Calcul du droit aux congés pour les collaborateurs à temps partiel
Les collaborateurs à temps partiel ont également droit à quatre semaines de congés par an, voire davantage si l’entreprise offre des conditions plus avantageuses. Le droit aux congés est calculé au prorata du taux d’activité convenu. Nous avons abordé les différents modèles de travail à temps partiel dans un autre article. Voici un exemple concret : Un·e collaborateur·trice qui travaille à 60 %, soit trois jours par semaine, a également droit à quatre semaines de congé. Puisqu’une semaine de travail pour cette personne compte trois jours, cela correspond à 12 jours ouvrables de congé (4 semaines × 3 jours). Selon le modèle de travail – par exemple, si la personne travaille 60 % à raison de 5,04 heures par jour (sur une base de 42 heures hebdomadaires) – le droit aux congés peut s’élever à 20 jours, mais chaque jour de congé comptera alors pour 5,04 heures.

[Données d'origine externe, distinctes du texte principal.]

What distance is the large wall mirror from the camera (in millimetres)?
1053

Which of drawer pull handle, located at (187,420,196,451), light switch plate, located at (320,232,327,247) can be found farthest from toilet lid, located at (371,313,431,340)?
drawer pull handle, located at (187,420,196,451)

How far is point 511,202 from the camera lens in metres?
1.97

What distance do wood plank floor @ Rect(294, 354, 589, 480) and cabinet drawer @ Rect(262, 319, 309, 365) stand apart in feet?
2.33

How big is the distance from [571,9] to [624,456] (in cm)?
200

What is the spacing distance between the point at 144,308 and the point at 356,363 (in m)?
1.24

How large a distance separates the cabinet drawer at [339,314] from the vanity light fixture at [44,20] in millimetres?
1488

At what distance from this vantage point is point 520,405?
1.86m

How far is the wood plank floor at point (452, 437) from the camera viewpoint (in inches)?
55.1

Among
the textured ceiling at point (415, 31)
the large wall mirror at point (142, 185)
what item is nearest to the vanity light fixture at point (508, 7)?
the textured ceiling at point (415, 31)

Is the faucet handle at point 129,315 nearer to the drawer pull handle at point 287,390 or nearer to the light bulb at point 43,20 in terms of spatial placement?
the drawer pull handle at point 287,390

Qu’en est-il en cas de démission ?
Lorsqu’un contrat est résilié, se pose souvent la question du traitement des congés restants. Voici les règles principales :
- Indemnisation des jours de congé non pris : les jours de vacances restants doivent, dans la mesure du possible, être pris pendant la période de préavis. S’ils ne peuvent pas être accordés, ils doivent être indemnisés financièrement.

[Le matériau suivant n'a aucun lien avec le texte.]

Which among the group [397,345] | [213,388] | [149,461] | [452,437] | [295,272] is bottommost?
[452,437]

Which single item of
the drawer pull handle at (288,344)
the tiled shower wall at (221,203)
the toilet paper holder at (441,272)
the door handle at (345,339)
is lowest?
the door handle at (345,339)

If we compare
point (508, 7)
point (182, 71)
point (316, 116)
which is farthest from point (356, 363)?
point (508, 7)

- Calcul correct des congés en cas de départ : le droit aux vacances est calculé au prorata temporis, c’est-à-dire proportionnellement au temps de travail déjà effectué dans l’année civile. Exemple : une personne quitte l’entreprise le 30 juin sans avoir pris de congé au préalable. Elle a donc droit à la moitié de son congé annuel, soit 10 jours (dans le cadre d’une semaine de 5 jours).

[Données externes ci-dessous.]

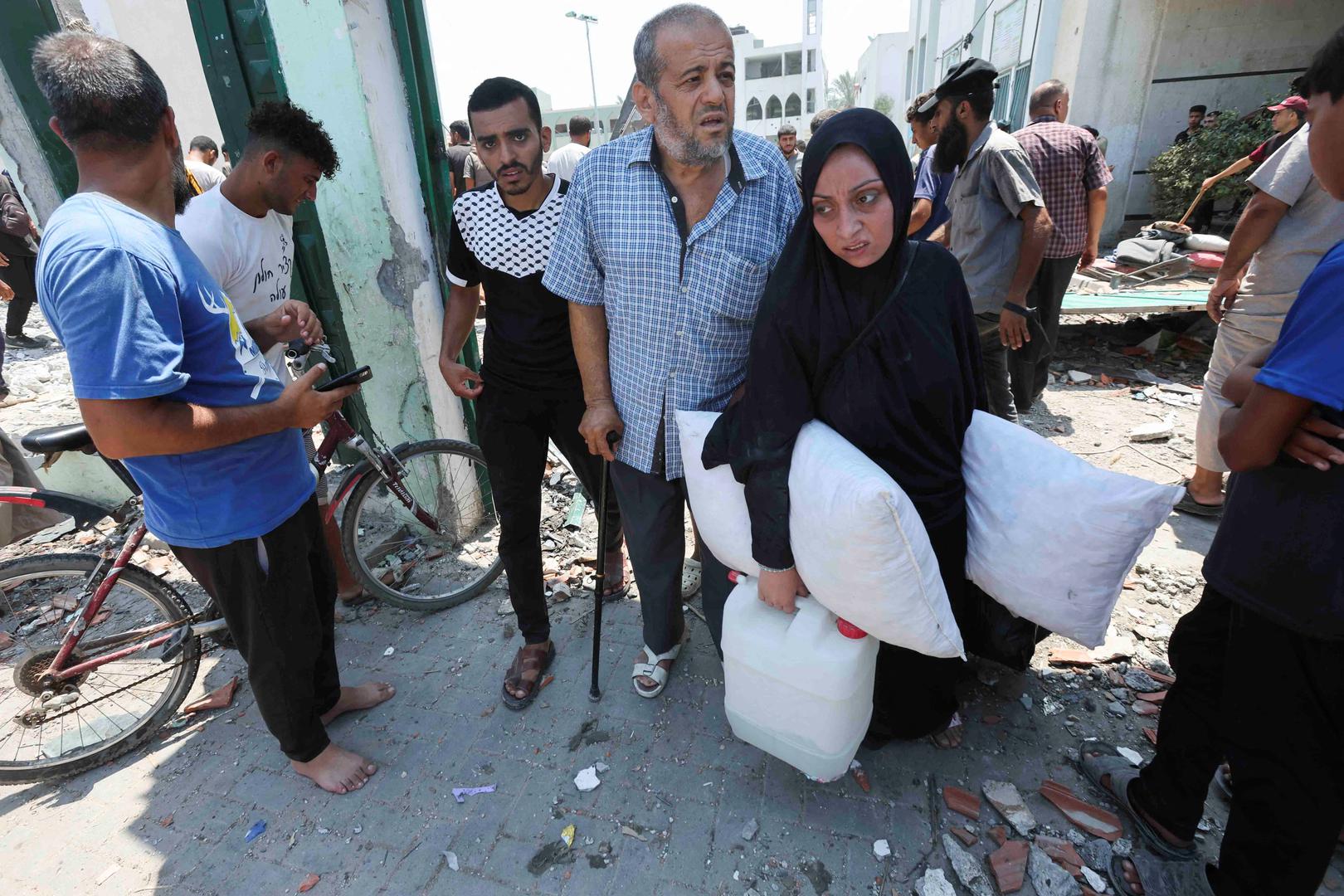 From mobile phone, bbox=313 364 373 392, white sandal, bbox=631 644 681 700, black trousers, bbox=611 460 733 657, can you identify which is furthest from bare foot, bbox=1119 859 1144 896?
mobile phone, bbox=313 364 373 392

Des congés équitables : pour un bon climat de travail
Pour que vos collaborateurs puissent profiter pleinement de leurs congés, une communication ouverte et transparente est indispensable. Cela renforce la confiance et permet d’éviter les malentendus. Il est également important de consigner clairement les règles dans le contrat de travail, notamment celles relatives à la période d’essai et aux droits individuels aux vacances. Enfin, pour favoriser la satisfaction des collaborateurs et un climat de travail positif, la flexibilité et l’équité sont des valeurs essentielles. Dans la mesure du possible, essayez de tenir compte des préférences individuelles – vos équipes vous en seront reconnaissantes.